The lines from the start of the records through the one containing "Recipiente Hendi GN" are to be restated word for word; please include both ends.

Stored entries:
*****

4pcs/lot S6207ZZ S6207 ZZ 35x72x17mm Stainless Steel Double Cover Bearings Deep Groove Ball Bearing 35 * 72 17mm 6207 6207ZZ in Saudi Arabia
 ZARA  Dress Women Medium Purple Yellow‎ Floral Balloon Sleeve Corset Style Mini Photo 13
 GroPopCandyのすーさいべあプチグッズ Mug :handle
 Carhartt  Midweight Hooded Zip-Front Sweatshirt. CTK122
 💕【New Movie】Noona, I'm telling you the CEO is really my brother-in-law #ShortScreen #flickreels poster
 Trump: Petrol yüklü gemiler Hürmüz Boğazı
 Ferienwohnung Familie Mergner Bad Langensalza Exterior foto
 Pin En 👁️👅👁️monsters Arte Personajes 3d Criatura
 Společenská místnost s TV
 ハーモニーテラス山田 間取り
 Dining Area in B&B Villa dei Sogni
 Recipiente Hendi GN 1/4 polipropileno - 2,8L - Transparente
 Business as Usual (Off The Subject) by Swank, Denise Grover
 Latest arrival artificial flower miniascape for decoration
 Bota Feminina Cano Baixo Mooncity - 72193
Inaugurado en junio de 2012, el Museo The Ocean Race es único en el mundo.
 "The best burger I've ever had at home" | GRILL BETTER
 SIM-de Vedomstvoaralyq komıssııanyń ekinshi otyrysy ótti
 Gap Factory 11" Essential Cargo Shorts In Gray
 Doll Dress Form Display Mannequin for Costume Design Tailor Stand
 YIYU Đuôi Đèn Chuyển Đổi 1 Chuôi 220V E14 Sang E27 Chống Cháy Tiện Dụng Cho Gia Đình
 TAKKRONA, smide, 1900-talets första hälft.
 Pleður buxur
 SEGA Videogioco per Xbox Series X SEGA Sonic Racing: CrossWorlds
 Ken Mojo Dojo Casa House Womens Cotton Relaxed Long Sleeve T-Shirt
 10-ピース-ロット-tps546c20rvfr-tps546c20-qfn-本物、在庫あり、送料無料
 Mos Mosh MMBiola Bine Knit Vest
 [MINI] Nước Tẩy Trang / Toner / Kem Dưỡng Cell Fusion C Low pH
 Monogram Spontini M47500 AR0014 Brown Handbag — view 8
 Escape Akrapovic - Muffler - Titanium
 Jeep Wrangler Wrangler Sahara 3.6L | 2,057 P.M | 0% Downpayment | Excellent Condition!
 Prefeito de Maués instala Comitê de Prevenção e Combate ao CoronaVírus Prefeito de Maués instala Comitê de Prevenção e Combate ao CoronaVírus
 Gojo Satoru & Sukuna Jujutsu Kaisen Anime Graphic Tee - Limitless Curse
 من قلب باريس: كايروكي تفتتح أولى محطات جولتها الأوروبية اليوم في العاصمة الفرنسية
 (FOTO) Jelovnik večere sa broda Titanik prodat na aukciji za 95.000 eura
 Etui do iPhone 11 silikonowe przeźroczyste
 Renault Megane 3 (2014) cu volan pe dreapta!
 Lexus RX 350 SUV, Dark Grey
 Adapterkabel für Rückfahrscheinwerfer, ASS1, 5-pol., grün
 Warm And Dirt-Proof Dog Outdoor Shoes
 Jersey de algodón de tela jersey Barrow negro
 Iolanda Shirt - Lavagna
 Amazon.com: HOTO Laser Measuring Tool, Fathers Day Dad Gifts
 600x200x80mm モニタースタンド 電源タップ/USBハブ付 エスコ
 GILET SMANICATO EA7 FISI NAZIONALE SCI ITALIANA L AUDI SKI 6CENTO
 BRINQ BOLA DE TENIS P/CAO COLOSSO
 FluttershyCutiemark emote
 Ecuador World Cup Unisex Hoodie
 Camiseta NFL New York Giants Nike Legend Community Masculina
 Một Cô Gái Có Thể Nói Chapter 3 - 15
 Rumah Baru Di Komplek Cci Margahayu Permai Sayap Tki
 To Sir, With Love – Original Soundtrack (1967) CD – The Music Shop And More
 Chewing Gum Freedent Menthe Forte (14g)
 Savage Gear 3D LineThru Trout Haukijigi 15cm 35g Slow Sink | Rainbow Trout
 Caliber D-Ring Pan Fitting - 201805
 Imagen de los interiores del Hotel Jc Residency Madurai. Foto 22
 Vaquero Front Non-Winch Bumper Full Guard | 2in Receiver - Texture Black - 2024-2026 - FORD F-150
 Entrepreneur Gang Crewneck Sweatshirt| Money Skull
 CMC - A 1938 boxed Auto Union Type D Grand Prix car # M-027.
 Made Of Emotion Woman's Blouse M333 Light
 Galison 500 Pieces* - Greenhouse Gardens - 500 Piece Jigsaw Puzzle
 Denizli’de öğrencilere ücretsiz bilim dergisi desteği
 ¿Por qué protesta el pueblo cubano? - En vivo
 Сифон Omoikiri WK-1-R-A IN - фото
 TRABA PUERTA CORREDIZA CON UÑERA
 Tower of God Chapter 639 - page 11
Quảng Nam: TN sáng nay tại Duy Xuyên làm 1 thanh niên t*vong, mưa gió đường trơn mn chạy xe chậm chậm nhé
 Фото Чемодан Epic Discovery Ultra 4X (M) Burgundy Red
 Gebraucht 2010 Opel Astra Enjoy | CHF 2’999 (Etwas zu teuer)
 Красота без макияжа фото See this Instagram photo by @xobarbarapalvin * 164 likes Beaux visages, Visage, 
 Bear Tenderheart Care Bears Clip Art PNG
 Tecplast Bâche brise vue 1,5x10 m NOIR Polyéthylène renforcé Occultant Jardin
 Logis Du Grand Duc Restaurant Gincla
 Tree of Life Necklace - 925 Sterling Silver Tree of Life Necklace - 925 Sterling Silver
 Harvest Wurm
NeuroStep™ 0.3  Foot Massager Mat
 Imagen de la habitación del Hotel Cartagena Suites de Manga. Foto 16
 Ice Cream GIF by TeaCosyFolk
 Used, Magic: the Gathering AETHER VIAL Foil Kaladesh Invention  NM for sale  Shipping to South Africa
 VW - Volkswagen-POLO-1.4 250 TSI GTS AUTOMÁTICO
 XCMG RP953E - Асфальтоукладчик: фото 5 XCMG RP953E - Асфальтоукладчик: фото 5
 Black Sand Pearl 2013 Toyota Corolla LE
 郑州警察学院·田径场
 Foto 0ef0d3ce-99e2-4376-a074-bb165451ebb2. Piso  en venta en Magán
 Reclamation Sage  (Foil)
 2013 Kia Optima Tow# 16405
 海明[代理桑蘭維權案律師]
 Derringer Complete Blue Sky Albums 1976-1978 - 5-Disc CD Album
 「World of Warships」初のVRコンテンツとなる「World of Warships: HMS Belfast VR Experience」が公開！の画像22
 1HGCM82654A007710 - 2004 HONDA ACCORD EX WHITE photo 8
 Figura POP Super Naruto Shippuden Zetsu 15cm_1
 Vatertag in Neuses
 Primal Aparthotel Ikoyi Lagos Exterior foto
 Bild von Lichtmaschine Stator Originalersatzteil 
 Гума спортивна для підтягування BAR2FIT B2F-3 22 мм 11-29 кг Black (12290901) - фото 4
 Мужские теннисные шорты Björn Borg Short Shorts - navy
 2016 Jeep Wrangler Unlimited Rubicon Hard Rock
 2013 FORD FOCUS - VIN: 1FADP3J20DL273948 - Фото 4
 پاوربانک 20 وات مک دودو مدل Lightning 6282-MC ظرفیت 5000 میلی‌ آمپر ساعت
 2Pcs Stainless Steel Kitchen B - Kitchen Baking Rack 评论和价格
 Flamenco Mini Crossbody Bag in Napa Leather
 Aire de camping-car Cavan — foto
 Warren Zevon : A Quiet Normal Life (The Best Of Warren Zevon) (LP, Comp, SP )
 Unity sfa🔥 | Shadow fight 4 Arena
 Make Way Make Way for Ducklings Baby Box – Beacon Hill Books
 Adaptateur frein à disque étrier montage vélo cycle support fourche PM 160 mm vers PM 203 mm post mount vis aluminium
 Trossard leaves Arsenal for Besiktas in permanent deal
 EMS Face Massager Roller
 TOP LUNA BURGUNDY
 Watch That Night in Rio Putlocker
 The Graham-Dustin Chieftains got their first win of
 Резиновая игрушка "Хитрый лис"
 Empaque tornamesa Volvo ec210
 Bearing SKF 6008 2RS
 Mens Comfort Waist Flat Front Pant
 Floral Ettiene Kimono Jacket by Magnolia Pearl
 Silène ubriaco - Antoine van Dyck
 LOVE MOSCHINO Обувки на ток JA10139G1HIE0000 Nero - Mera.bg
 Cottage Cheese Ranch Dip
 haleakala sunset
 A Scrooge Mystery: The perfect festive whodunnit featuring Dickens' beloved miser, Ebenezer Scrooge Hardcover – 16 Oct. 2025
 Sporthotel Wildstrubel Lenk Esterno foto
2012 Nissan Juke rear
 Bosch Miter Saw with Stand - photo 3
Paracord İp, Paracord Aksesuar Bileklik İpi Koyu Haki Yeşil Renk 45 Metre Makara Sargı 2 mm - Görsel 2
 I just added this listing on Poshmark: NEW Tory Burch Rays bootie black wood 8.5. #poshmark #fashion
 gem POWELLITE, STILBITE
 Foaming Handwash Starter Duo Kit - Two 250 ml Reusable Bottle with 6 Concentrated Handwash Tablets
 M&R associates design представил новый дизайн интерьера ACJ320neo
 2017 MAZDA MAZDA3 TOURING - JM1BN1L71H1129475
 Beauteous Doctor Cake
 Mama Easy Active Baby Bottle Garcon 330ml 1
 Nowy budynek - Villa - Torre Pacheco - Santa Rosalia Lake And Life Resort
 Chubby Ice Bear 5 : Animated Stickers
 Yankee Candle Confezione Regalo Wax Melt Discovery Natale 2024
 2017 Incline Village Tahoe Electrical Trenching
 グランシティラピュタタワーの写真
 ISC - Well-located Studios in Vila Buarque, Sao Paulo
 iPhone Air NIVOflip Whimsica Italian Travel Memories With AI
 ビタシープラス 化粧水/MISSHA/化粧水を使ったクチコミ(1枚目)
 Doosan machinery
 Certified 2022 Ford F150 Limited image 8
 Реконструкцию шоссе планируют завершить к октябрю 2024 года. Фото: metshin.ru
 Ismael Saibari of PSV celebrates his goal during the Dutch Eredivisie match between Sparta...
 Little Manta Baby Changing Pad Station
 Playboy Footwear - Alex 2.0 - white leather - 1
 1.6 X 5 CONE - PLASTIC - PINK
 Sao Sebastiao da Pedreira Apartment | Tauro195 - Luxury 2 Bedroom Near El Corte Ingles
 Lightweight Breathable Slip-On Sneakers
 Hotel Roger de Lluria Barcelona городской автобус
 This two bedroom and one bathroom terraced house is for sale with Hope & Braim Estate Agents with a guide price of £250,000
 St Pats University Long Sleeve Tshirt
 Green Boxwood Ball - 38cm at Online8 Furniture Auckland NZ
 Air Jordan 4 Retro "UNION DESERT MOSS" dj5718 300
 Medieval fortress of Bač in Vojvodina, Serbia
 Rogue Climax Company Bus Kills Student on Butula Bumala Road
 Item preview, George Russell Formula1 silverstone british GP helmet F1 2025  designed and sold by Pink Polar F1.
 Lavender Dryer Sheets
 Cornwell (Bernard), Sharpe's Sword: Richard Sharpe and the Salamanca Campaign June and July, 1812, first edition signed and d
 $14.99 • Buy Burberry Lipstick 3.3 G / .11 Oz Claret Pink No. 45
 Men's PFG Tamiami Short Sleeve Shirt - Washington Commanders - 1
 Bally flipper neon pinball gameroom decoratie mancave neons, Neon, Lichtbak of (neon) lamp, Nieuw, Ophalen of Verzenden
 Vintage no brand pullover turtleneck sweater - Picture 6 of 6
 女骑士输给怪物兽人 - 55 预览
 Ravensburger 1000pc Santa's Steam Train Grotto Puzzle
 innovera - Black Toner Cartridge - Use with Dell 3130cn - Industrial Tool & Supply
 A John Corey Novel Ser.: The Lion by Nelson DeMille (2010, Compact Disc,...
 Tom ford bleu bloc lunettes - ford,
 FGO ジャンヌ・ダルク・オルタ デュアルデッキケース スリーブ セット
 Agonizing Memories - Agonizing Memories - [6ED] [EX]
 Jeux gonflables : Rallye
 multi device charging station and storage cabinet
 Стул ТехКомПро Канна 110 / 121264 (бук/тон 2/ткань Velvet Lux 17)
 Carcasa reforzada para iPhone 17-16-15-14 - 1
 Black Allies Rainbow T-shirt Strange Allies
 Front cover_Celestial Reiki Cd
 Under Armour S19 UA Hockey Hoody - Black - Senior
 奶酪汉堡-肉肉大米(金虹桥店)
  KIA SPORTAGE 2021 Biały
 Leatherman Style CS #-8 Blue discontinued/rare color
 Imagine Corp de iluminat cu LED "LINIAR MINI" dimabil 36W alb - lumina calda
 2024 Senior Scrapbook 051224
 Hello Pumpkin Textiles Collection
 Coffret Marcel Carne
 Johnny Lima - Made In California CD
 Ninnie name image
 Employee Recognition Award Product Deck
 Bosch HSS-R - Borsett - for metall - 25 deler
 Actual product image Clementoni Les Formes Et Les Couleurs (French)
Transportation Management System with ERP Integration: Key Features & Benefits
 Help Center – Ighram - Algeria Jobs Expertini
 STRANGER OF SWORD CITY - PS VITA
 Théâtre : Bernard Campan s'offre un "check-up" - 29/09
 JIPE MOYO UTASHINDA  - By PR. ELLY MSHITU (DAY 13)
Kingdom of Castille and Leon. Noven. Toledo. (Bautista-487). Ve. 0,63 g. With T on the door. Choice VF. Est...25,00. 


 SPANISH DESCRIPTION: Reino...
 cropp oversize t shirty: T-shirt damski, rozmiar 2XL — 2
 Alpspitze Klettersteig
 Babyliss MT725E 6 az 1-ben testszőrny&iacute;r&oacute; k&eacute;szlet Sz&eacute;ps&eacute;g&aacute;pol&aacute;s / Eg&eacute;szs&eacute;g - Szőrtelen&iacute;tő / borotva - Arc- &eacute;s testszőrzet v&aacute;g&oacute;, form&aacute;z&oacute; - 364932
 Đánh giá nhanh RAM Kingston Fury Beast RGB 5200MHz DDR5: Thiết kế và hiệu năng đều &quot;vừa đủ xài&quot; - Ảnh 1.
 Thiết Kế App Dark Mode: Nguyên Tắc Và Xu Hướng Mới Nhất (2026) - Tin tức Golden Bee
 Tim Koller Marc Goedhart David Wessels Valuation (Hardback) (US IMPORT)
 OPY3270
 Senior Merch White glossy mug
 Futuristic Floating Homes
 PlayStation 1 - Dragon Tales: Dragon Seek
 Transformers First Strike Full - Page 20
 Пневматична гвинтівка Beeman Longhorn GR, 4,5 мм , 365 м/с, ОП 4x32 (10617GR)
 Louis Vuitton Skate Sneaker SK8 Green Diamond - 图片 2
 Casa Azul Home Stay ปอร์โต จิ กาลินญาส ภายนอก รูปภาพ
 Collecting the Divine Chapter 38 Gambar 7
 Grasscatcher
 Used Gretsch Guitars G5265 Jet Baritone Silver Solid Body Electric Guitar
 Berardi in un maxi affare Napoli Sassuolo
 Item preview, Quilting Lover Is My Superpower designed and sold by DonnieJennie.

*****

▸ **Response**:
4pcs/lot S6207ZZ S6207 ZZ 35x72x17mm Stainless Steel Double Cover Bearings Deep Groove Ball Bearing 35 * 72 17mm 6207 6207ZZ in Saudi Arabia
 ZARA  Dress Women Medium Purple Yellow‎ Floral Balloon Sleeve Corset Style Mini Photo 13
 GroPopCandyのすーさいべあプチグッズ Mug :handle
 Carhartt  Midweight Hooded Zip-Front Sweatshirt. CTK122
 💕【New Movie】Noona, I'm telling you the CEO is really my brother-in-law #ShortScreen #flickreels poster
 Trump: Petrol yüklü gemiler Hürmüz Boğazı
 Ferienwohnung Familie Mergner Bad Langensalza Exterior foto
 Pin En 👁️👅👁️monsters Arte Personajes 3d Criatura
 Společenská místnost s TV
 ハーモニーテラス山田 間取り
 Dining Area in B&B Villa dei Sogni
 Recipiente Hendi GN 1/4 polipropileno - 2,8L - Transparente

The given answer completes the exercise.